Domestic investigations will not negate the need for continued international action and engagement to ensure justice and accountability in Sri Lanka, or Sri Lanka’s need to cooperate with the UN, including OISL. The Sri Lankan government has committed to a large number of important reforms in a very short period of time. International expertise and technical assistance could help it to fulfil its reform agenda, particularly where truth seeking, reparation and justice are concerned. The OISL should be viewed as a resource. The UN’s offers of technical assistance also provide an opportunity for more effective international cooperation. The adversarial relationship promoted by Sri Lanka’s former leadership vis-à-vis the United Nations was unhealthy and unproductive.

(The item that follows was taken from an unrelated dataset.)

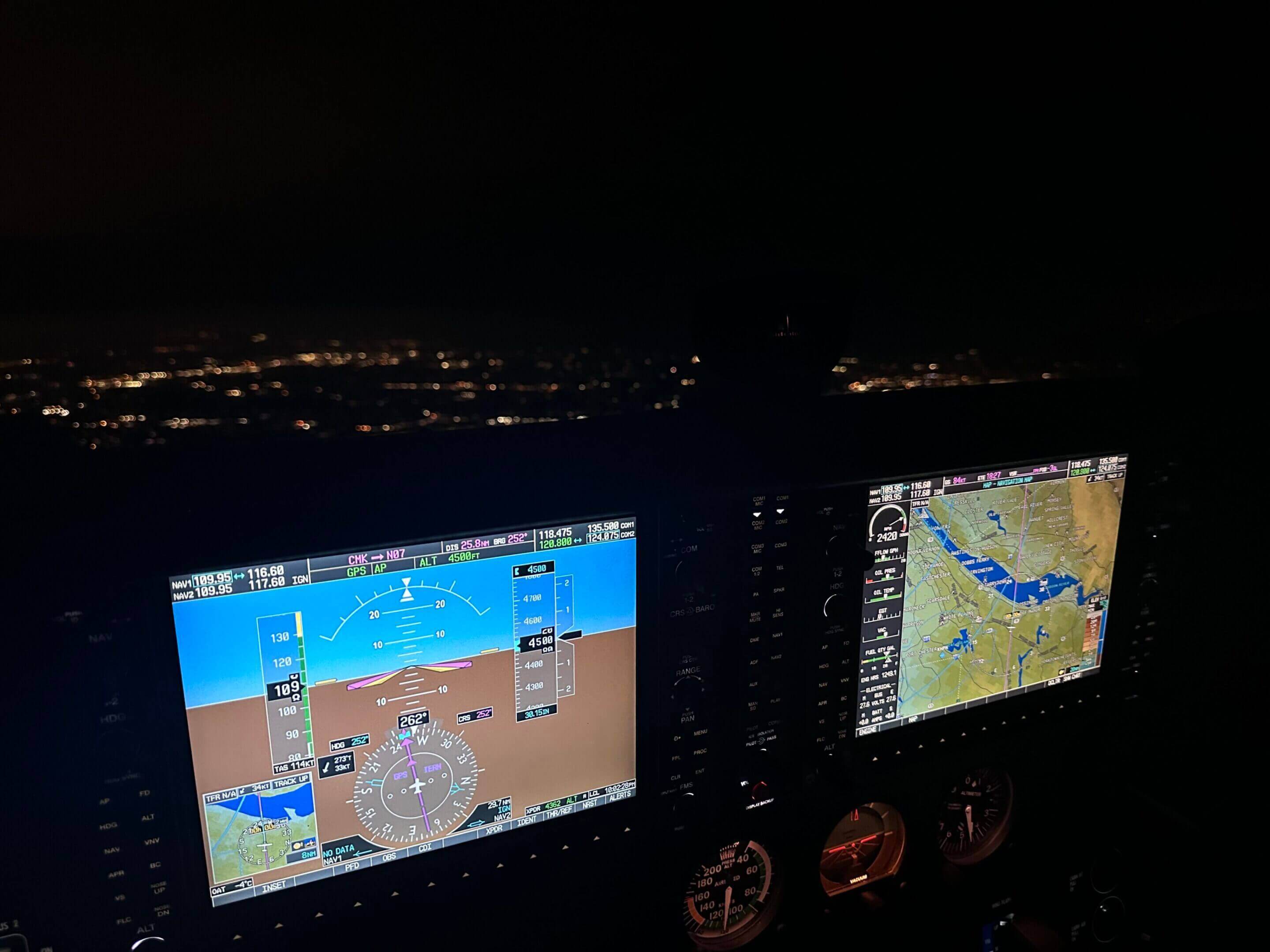 Two monitors are shown in a plane cockpit.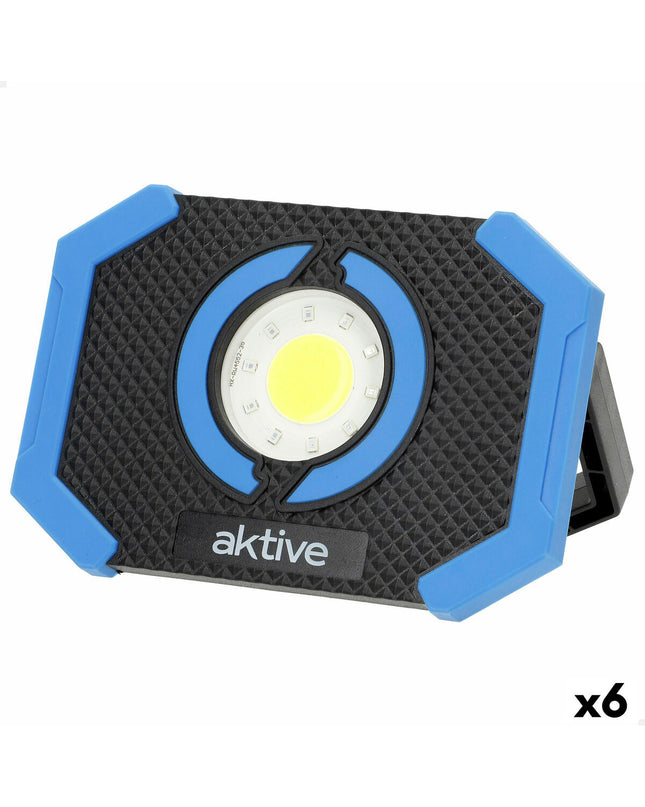 Set of six Aktive LED spotlight outdoor garden decor lights illuminating a garden area at night.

The Sri Lankan government has now vowed to “prioritize” its engagement with OHCHR. Amnesty International cannot stress enough the need for a thorough accounting and justice for the victims of violations and abuses and their families.

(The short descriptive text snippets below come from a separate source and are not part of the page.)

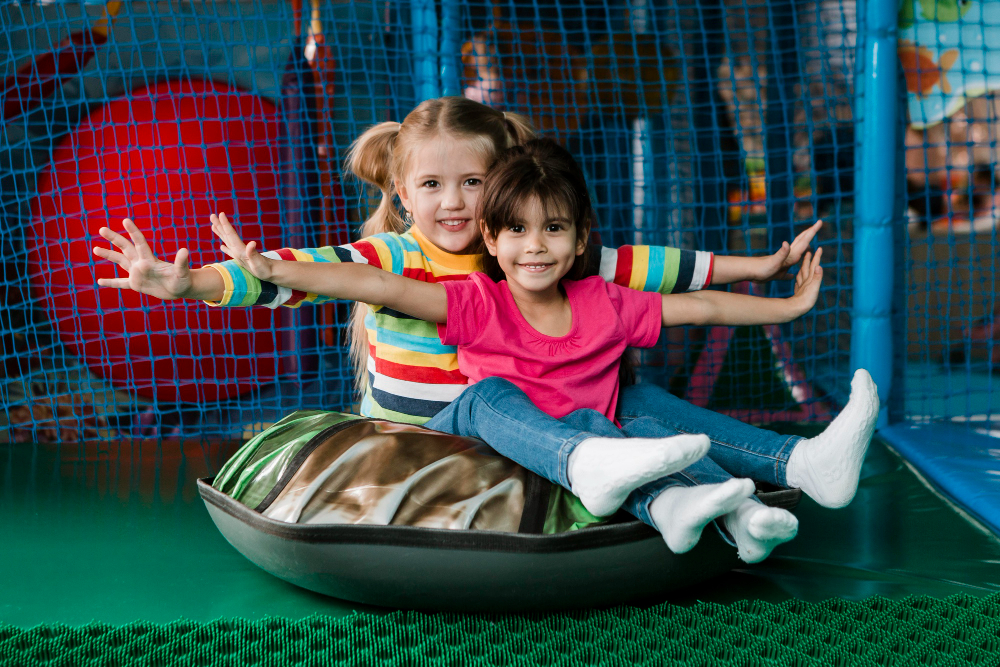 Cheerful little children spending time at daycare indoor playground
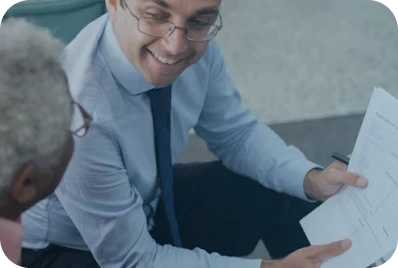 A man in glasses and a blue shirt is smiling and holding documents, showing them to an older person with gray hair during a discussion.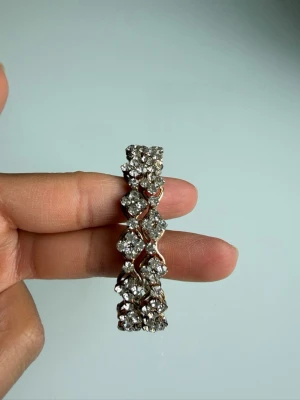 Glittrigt armband med strasspärlor - Snyggt armband i silverfärg med två rader glittrande strasspärlor. Armbandet har ett flätat mönster som ger en lyxig och trendig känsla. Perfekt accessoar för dig som vill sticka ut och addera extra bling till din outfit.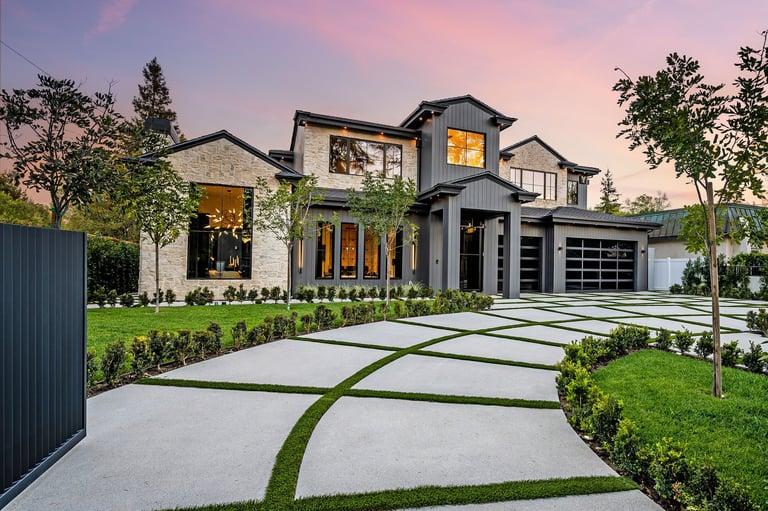 Modern luxury home exterior with manicured lawn and geometric driveway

Amnesty International urges the HRC to ensure:
Where OISL uncovers sufficient admissible evidence of crimes under international law committed by Sri Lankan government forces, allied armed groups or by the LTTE, that information contributes expeditiously to a genuine prosecutorial process of those suspected of the crimes in proceedings that fully conform with international standards for fair trial, as well as truth and reparation for victims, taking advantage of both Sri Lankan and international expertise;
Ongoing international monitoring of the implementation of the OISL recommendations and the human rights situation in Sri Lanka, including the effectiveness of domestic investigations and prosecutions; and
Strengthened UN efforts in engaging with the Sri Lankan government to prevent intimidation or reprisals committed or tolerated by government officials, government and opposition supporters or others against individuals who seek to cooperate or have cooperated with the UN, its representatives and mechanisms in the field of human rights.

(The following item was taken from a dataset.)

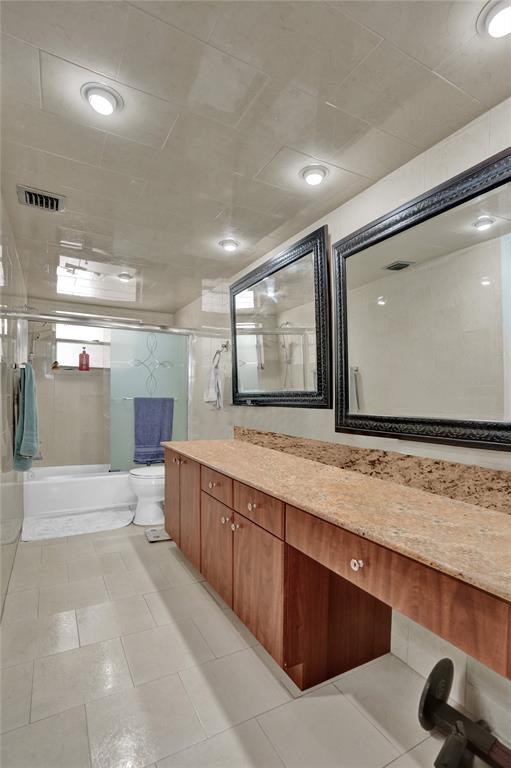 9235 Lagoon Place, Unit 207 Davie, FL 33324 - Photo 23 of 59 a large bathroom with a large tub and sink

Amnesty International reiterates its call to the Government of Sri Lanka to:
Cooperate fully with OISL, OHCHR and UN Special Procedures including in particular the Working Group on enforced or involuntary disappearances; the Special Rapporteur on torture; the Special Rapporteur on extrajudicial executions; and the Special Rapporteur on the promotion of truth, justice, reparation and guarantees of non-recurrence, including by responding positively to their outstanding requests to visit Sri Lanka and by providing them with full access;
Ensure that all allegations of crimes under international law are fully investigated and, where sufficient admissible evidence exists, those suspected of the crimes are prosecuted in genuine proceedings before independent and impartial courts that comply with international standards for fair trial;
Ensure that the truth is established regarding crimes under international, including the fate and whereabouts of disappeared persons, and that victims are provided with full and effective reparation to address the harm they have suffered;
Implement with vigour its plans for constitutional changes aimed at guarding the independence of the judiciary and key institutions critical to the protection and promotion of human rights;
Create a more enabling climate for human rights defenders by ensuring the protection of the rights to freedoms of expression, peaceful assembly and association, and demonstrating unequivocally that harassment, intimidation and attacks against individuals or groups of individuals exercising those rights will not be tolerated, regardless of the peaceful opinions such individuals hold and express, and regardless of the position or political affiliation of the suspected perpetrator;
Ensure an end to identity-based violence and ensure an effective investigation of such crimes when they take place;
Review detention orders and custodial records to ensure that no detainee is being held arbitrarily and release all detainees, including all persons held in detention centres, ‘rehabilitation’ facilities and other places of detention unless they are charged with internationally recognizable crimes;
Repeal the Prevention of Terrorism Act and abolish the system of administrative detention.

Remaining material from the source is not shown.